Ki Lurah Branjangan mengangguk-anggukkan kepalanya. Dipandanginya Kiai Gringsing sambil tersenyum. Katanya kemudian,
“Baiklah, Raden. Kita akan berangkat. Apakah Kiai Gringsing itu juga akan ikut serta?”
“Ya. Kiai Gringsing dan kedua muridnya. Bahkan dengan Ki Demang Sangkal Putung pula.”

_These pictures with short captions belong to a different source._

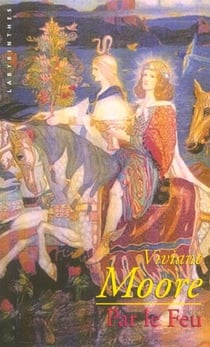Par le feu - labyrinthes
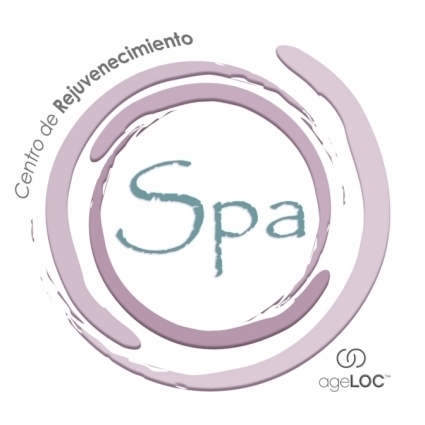Logotipo - Centro de Rejuvenecimiento Nuskin Cholula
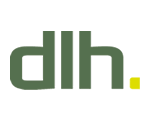 logo dlh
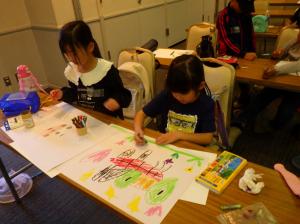 2023秋小学生3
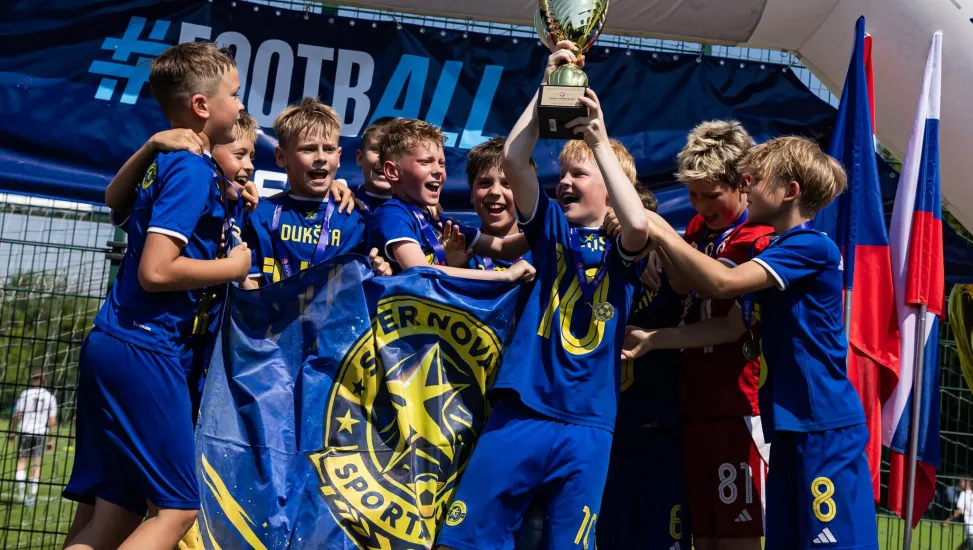 Budapest Trophy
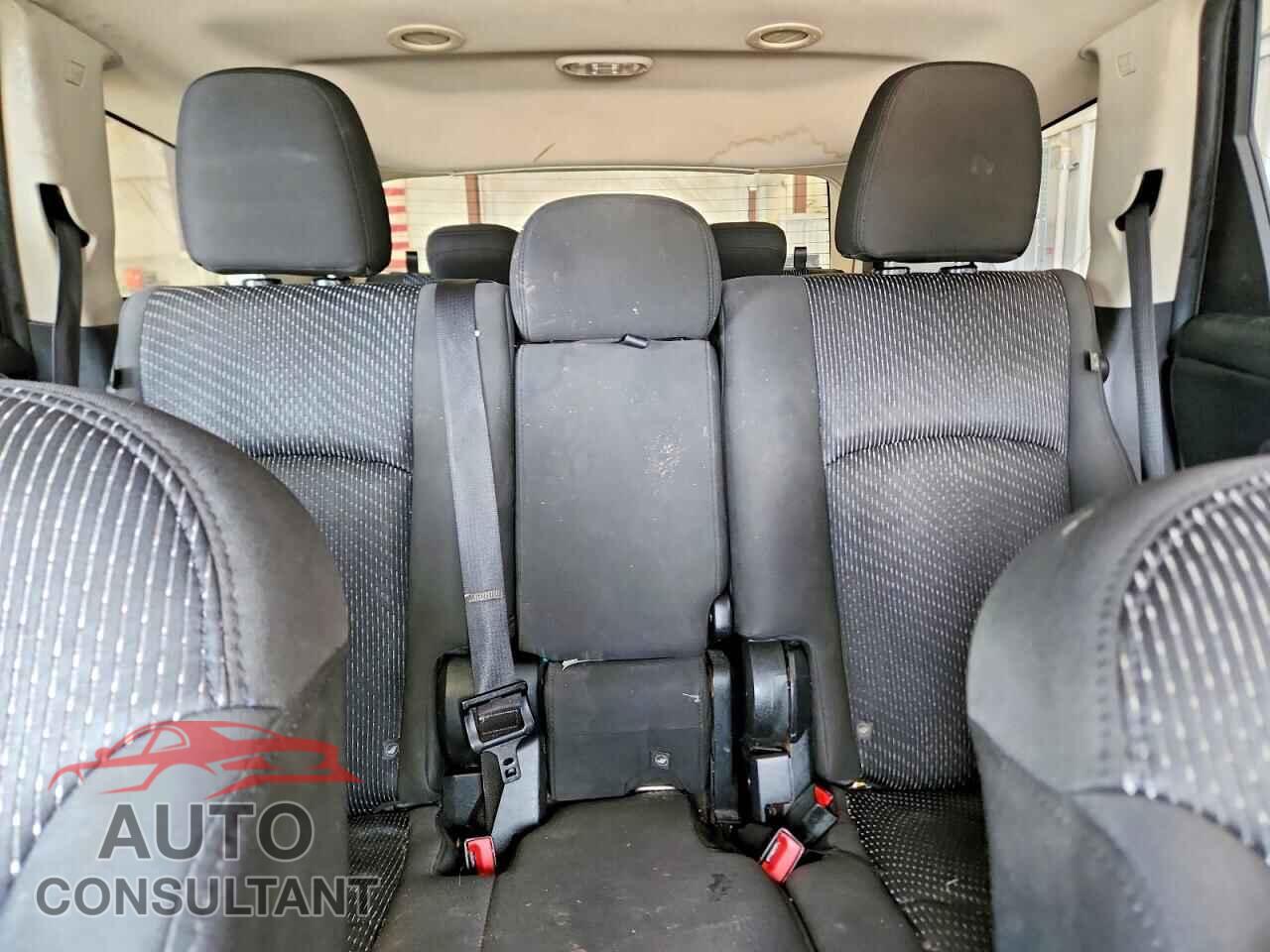 DODGE JOURNEY 2015 - 3C4PDCAB7FT746641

Ki Lurah Branjangan masih saja mengangguk-angguk. Katanya pula,
“Setiap kali Kiai Gringsing tentu ada di antara kami. Wanakerti pernah berceritera tentang Kiai, dan di Jati Anom aku menyaksikan sendiri. Kemudian laporan dari para petugas tentang orang yang menyebut dirinya panembahan tanpa nama. Dan sekarang Kiai berada di antara kami pula.”
“Dan yang telah mendahului kita adalah Ki Gede Menoreh, puterinya Pandan Wangi, ayah dari anak yang hilang itu dan Ki Sumangkar.”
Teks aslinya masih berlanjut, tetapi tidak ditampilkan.